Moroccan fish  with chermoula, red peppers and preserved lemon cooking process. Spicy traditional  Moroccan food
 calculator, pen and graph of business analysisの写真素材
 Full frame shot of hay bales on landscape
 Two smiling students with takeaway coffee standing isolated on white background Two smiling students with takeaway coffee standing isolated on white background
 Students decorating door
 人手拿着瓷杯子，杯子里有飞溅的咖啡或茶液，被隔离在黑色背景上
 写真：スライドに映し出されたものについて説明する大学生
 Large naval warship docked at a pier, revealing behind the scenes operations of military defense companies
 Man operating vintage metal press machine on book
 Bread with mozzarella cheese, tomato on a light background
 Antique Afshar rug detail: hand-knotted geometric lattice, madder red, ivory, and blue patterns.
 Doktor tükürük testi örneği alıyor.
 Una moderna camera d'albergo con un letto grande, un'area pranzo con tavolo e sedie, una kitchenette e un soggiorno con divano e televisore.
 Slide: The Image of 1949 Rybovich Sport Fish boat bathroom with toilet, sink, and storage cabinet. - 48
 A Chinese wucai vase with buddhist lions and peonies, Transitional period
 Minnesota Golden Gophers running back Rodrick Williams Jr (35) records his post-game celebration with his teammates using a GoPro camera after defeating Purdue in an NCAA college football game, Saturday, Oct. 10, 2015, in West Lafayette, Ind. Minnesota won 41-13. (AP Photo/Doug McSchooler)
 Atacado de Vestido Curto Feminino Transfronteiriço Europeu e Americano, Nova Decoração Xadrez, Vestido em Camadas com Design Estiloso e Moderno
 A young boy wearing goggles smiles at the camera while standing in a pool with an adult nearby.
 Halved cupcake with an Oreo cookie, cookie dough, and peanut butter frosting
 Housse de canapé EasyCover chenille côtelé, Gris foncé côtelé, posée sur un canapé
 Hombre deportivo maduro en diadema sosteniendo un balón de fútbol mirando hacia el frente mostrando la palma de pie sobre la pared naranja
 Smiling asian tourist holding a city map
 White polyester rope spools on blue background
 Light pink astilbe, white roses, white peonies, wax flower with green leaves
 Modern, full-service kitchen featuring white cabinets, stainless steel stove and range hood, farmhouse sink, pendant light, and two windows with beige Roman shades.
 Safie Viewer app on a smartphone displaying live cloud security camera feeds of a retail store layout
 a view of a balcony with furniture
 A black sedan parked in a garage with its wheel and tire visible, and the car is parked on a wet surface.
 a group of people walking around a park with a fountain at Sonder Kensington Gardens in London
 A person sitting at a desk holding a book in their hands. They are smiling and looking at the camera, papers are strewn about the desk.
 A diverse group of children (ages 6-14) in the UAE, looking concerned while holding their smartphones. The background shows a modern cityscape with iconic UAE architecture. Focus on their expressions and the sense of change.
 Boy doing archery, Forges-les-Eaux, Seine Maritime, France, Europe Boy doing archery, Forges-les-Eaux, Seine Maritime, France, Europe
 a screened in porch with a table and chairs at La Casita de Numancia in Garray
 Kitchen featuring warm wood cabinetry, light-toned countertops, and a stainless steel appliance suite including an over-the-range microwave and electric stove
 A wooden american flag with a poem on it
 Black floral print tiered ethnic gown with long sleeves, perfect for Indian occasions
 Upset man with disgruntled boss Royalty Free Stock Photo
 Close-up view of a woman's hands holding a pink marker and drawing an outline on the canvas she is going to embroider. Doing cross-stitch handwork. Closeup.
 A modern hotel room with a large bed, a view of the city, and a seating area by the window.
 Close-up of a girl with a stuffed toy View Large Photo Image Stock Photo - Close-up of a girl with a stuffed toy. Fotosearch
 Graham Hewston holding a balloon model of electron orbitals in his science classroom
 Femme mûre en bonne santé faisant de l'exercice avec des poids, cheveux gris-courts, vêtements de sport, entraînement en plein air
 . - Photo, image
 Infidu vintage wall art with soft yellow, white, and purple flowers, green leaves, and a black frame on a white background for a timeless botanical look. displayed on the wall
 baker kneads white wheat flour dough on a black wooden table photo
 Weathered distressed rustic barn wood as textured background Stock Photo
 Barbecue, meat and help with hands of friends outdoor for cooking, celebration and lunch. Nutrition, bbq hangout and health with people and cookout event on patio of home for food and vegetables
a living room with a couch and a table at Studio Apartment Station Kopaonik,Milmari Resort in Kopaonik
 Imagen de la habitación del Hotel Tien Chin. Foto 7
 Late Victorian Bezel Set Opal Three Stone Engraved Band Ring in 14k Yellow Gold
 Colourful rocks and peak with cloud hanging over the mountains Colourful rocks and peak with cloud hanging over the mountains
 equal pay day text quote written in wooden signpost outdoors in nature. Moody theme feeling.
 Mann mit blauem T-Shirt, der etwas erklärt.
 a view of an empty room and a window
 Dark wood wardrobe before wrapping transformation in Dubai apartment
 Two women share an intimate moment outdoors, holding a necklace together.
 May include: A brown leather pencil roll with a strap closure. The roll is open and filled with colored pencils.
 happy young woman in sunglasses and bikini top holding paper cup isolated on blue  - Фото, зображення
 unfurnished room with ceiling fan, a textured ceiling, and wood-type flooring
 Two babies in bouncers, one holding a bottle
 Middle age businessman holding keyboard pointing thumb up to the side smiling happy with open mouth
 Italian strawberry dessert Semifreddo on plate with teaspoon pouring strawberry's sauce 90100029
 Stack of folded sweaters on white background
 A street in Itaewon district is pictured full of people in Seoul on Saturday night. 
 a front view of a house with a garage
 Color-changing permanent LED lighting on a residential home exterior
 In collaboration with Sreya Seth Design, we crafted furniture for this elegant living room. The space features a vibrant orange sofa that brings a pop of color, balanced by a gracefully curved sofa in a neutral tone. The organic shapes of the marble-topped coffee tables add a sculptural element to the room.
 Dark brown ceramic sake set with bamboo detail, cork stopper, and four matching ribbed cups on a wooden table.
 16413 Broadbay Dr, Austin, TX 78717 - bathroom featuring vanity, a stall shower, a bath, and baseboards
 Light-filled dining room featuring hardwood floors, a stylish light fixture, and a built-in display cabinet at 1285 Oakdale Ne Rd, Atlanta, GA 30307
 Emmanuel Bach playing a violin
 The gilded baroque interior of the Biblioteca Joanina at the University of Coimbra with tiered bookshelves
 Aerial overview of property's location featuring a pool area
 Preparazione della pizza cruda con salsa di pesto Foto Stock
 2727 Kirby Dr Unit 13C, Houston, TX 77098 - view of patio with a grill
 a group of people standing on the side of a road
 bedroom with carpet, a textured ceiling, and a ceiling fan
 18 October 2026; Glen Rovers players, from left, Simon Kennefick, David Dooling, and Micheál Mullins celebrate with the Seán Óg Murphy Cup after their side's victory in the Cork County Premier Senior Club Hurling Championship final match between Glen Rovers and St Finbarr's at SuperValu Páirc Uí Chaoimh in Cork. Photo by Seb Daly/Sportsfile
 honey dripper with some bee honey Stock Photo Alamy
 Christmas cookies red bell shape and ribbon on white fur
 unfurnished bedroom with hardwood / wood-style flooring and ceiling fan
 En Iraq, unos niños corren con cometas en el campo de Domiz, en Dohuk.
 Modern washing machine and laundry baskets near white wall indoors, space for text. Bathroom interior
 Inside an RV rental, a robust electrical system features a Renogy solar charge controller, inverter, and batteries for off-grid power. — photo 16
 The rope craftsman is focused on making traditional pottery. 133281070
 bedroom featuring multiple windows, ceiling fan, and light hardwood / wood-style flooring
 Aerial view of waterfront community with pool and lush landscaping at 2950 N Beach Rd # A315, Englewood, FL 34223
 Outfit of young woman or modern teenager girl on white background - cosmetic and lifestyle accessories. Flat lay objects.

[Work task]
Return all lines in the entries above that carry the word "happy".

[Response]
 happy young woman in sunglasses and bikini top holding paper cup isolated on blue  - Фото, зображення
 Middle age businessman holding keyboard pointing thumb up to the side smiling happy with open mouth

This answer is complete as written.